Phyllise Gelfand, a spokeswoman for Postmedia, declined to comment on the speculation of a debt restructuring, in an e-mail message. Megan Frank, a spokeswoman for Allianz’s U.S. business didn’t respond to messages requesting comment. Mary Beth Grover, an outside spokeswoman for GoldenTree with ASC Advisors LLC, declined to comment.

"If you get rid of that debt or significantly reduce that debt I believe the newspaper business is a viable business," said Niko Veilleux, a partner at Montreal law firm Fasken Martineau who represented Quebecor in the 2014 sale. He says a restructuring that converts Postmedia’s second-lien bonds into equity would be one way to do that. "This is an industry that’s declining, but it’s not disappearing."

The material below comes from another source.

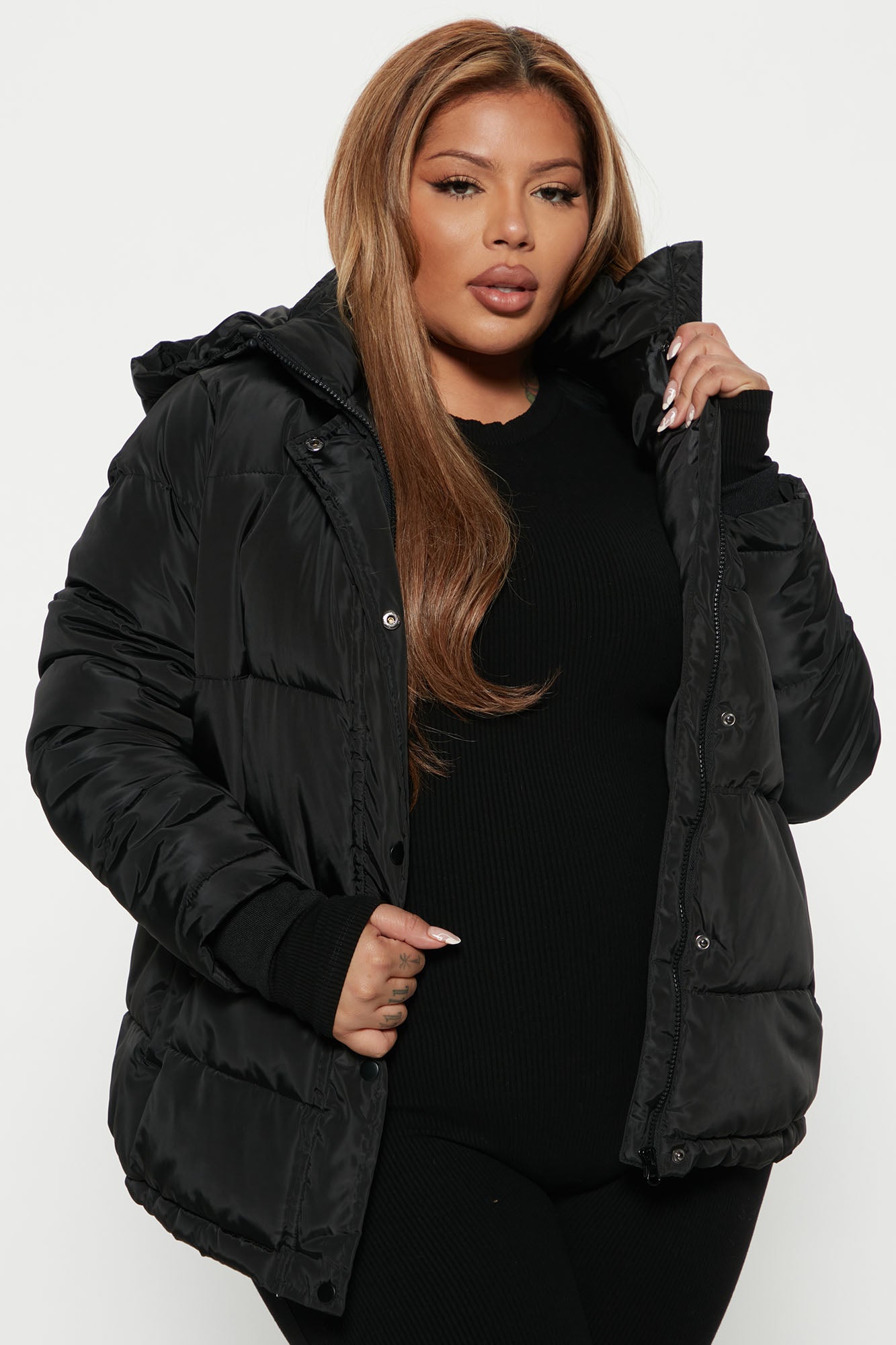 Speak My Mind Puffer Jacket - Black - Image 4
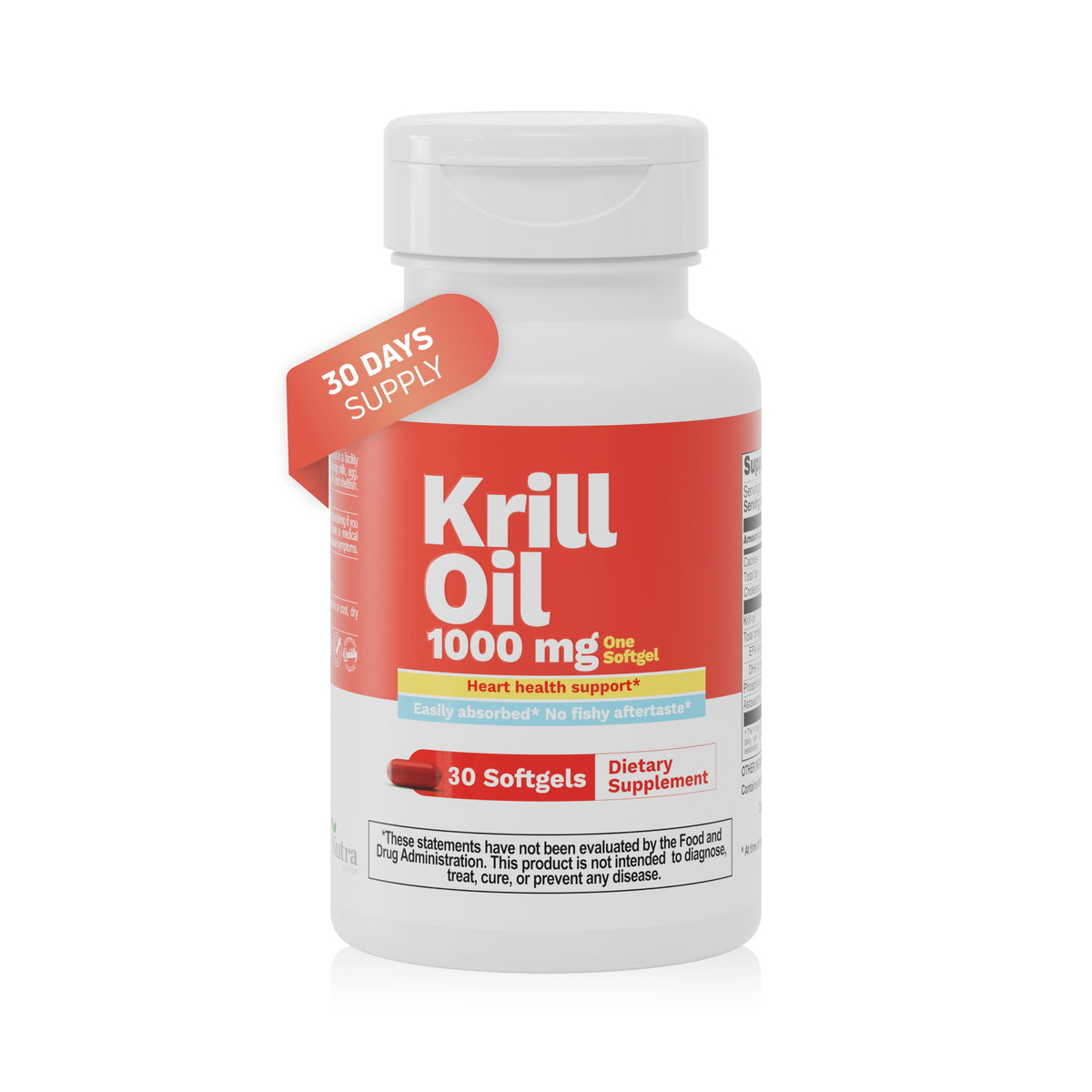 Krill Oil 1000 mg omega 3 supplement bottle with 30 softgels for daily wellness support.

GoldenTree, a New York-based hedge fund, also holds positions in the first and second lien bonds, according to Postmedia’s regulatory filings. Canso Investment owns the majority of the top-ranked notes, the filings show. And of the approximately 53 percent of the second-lien notes whose owners have to report their positions, 40 percent are held by Munich-based money manager Allianz Global Investors GmbH, according to regulatory filings made in the 12 months to January.

Worthless Equity

"The equity is in my mind not worth anything because even the assets the company has, what we value it, is not enough to cover the debt,” said Peter Adu, an analyst at Moody’s Investors Service, which rates Postmedia Caa2, its fourth-lowest rating. "The debt would be a stretch to be able to refinance at par."

Because the U.S. bonds rank behind Postmedia’s C$300 million of Canadian dollar notes due in 2017, their value is the market’s estimation of how much would be left over after the higher-ranked lenders’ claims were satisfied in the event of a bankruptcy.

To avoid such a scenario, the second-lien note holders could opt to strike a deal in a restructuring instead. Possible outcomes could include exchanging the debt for equity in the hopes that more time and fewer interest payments will allow the company to turn its business around, allowing the lenders to reclaim some of their investment. Another option is that debt holders could agree to a haircut to make it more likely something will be paid back, said Moody’s Adu.

"Most likely the current value of the company is barely sufficient to cover the senior lenders’ position," said Fasken Martineau’s Veilleux. "I don’t think there would be anything left."